As it happens, there was a temple to Julius Caesar in the Forum, but Roman temples did not have arches. Sienkiewicz had visited the site of the Forum Romanum and studied it: his description in the original is very accurate. So, because he used the term "arches," it is clear he was not making reference to the temple. He meant the Basilica Julia, the arches of which are still in evidence today. It was called "Julia" because it had been built by Julius Caesar for the hearing of civil cases. That is, it was a law court. The structure was called a basilica because of its architectural form, derived, originally, from that of Greek royal courts where in the local king (Greek: basileus) would sit in judgment at one end of a hall.

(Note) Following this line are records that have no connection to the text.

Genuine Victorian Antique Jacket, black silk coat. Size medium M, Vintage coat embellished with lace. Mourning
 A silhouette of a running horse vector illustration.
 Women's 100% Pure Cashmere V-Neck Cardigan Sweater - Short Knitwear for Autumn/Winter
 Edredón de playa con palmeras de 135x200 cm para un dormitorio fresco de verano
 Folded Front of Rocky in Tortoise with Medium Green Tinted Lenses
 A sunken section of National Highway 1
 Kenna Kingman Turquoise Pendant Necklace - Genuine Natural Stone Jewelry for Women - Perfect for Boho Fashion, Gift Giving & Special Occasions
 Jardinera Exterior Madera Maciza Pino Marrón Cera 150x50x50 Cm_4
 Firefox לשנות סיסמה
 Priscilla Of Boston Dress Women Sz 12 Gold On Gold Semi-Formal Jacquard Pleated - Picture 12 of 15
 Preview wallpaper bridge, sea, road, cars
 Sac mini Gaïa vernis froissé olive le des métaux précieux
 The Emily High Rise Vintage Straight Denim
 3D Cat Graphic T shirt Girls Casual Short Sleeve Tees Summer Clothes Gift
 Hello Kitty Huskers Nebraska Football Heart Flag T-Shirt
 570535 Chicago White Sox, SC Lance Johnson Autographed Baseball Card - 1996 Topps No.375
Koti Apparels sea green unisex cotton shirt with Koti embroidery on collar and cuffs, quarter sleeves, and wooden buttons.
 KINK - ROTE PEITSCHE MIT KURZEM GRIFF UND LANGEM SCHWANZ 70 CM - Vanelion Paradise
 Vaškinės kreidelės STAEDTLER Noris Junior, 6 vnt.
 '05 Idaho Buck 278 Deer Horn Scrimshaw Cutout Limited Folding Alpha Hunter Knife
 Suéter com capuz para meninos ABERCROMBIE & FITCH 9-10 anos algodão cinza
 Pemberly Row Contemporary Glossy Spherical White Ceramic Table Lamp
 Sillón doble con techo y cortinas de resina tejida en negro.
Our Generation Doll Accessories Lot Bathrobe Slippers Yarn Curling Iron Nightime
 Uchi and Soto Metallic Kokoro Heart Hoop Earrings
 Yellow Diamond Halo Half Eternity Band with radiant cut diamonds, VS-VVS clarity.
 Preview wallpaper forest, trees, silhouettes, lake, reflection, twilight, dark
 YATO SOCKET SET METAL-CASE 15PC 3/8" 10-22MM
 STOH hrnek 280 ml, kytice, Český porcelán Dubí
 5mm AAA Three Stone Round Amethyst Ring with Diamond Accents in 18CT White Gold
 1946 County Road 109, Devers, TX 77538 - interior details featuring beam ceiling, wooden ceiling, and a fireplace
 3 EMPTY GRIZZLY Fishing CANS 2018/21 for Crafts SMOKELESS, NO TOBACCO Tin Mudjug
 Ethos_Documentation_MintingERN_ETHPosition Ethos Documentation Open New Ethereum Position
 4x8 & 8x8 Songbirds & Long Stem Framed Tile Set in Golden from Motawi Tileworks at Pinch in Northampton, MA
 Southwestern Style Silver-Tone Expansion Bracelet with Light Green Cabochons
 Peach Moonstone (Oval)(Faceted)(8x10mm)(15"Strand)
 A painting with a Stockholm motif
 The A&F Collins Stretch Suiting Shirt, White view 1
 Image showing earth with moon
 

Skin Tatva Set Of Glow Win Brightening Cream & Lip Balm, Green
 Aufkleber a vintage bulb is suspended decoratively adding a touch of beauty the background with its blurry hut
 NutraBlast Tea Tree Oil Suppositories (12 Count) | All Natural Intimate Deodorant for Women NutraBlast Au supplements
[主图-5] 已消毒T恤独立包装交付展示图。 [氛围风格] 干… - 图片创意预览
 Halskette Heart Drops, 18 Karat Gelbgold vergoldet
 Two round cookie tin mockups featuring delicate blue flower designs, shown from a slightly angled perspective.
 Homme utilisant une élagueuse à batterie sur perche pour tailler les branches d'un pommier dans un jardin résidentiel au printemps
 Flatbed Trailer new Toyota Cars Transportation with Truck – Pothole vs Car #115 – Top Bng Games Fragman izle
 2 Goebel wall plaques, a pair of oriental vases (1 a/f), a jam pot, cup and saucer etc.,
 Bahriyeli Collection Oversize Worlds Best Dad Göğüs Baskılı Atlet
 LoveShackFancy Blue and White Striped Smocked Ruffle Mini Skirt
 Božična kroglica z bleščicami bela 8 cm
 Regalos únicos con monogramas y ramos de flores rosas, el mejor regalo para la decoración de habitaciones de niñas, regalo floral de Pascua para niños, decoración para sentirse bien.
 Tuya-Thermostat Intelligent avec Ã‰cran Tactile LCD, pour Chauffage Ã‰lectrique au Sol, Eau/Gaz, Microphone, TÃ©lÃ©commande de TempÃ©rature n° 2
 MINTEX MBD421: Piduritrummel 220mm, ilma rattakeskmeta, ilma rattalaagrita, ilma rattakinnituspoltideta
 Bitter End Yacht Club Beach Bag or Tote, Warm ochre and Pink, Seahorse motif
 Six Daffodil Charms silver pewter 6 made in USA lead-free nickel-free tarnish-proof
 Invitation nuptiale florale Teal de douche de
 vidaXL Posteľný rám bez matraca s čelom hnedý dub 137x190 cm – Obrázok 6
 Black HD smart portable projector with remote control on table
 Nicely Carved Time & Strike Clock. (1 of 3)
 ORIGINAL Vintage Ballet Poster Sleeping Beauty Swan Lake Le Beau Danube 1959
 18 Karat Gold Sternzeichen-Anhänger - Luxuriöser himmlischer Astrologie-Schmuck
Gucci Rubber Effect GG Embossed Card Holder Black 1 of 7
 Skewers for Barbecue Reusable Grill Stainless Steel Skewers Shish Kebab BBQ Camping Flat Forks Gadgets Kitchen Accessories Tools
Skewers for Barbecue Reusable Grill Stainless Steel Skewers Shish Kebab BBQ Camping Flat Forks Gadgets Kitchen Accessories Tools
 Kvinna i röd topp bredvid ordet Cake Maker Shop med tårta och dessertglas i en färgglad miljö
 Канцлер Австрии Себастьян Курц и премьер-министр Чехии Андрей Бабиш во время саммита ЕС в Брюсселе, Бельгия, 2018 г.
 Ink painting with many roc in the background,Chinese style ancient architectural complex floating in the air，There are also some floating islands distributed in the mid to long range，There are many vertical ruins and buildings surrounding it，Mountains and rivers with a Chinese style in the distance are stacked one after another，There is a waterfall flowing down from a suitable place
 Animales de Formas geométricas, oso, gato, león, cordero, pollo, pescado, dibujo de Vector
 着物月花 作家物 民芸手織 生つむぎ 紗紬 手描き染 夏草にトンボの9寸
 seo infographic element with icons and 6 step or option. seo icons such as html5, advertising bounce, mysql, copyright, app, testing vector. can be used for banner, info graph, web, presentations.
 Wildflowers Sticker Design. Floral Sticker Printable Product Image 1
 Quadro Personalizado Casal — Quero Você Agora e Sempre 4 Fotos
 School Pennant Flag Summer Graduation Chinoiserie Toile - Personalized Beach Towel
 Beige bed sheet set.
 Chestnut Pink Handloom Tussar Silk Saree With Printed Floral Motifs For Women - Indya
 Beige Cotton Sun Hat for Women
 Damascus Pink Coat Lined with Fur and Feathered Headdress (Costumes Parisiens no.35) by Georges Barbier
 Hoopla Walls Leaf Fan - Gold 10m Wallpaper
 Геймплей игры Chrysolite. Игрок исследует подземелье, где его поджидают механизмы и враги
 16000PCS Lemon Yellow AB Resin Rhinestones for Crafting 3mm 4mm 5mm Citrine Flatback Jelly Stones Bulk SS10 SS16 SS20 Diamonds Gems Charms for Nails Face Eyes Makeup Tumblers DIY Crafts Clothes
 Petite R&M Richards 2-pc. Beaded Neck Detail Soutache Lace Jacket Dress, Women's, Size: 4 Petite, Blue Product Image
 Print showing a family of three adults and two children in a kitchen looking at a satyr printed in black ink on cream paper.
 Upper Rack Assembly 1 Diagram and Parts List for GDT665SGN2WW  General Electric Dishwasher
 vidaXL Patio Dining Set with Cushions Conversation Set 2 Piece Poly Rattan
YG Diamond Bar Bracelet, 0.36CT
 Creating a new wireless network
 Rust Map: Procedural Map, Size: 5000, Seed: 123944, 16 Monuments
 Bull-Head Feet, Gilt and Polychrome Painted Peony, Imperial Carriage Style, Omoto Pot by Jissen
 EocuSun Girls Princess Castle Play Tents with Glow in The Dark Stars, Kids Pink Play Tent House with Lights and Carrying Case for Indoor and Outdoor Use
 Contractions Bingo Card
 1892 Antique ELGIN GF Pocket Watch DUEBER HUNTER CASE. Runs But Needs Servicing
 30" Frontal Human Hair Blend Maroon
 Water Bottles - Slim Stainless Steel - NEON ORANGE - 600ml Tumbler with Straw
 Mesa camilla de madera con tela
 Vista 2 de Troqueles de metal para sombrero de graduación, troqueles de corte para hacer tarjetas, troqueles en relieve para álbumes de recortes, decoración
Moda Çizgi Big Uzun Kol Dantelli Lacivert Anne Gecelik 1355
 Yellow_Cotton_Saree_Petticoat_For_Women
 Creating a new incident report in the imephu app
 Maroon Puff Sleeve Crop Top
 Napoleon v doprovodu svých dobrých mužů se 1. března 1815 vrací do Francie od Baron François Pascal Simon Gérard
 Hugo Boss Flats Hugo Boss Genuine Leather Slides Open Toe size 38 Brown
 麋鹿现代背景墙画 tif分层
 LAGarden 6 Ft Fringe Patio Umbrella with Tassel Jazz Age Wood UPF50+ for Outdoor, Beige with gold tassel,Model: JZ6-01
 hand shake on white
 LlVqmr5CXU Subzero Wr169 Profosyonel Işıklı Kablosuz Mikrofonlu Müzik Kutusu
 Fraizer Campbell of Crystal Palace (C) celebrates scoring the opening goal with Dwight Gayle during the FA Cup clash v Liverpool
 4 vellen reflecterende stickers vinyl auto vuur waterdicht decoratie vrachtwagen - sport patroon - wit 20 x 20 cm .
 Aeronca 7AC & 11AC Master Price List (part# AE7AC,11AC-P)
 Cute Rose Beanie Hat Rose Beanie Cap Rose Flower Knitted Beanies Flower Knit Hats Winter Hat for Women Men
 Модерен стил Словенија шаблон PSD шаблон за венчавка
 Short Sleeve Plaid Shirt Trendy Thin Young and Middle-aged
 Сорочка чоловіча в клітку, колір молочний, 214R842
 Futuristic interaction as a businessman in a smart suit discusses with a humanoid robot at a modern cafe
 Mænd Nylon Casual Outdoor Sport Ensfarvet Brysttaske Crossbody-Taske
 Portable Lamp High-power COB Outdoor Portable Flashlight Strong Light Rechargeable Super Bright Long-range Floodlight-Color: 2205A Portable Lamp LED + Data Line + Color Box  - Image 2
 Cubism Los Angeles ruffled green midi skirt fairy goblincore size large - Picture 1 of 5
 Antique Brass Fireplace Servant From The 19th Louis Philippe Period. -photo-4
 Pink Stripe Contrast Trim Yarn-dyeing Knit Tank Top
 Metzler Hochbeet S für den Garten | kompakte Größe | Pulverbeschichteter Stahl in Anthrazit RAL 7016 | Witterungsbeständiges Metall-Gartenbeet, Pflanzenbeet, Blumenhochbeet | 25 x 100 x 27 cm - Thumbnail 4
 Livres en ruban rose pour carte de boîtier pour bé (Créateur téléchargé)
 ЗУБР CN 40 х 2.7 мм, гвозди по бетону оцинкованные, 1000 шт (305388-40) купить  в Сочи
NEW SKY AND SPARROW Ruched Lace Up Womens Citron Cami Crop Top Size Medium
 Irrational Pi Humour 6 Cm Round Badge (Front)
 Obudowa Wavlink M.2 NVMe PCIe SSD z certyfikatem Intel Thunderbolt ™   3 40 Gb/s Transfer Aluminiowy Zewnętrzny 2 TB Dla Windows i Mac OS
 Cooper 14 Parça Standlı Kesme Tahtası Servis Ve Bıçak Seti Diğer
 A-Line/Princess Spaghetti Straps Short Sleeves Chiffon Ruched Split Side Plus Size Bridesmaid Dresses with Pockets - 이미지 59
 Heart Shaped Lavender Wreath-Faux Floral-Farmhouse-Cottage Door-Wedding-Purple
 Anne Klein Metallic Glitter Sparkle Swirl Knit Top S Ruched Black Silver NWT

The structure would have a long broad central nave flanked by colonnaded aisles. The far end of the nave terminated in an apse, or semicircular projection, covered with a vault. In the apse stood a raised tribune, or platform, on which, in Roman times, sat the praetor or judge. Later, when this and other basilicas were appropriated for Christian churches, this became the location of the high altar. How big was the basilica Julia? It was an imposing building with a nave that was 236 feet in length and 85 feet in width.
Creation of a translation that accurately renders the original author's intent can require the translator not only to be fluently bilingual but often also to have extensive knowledge of the matter discussed, as the paragraphs above attest. It's a tall order.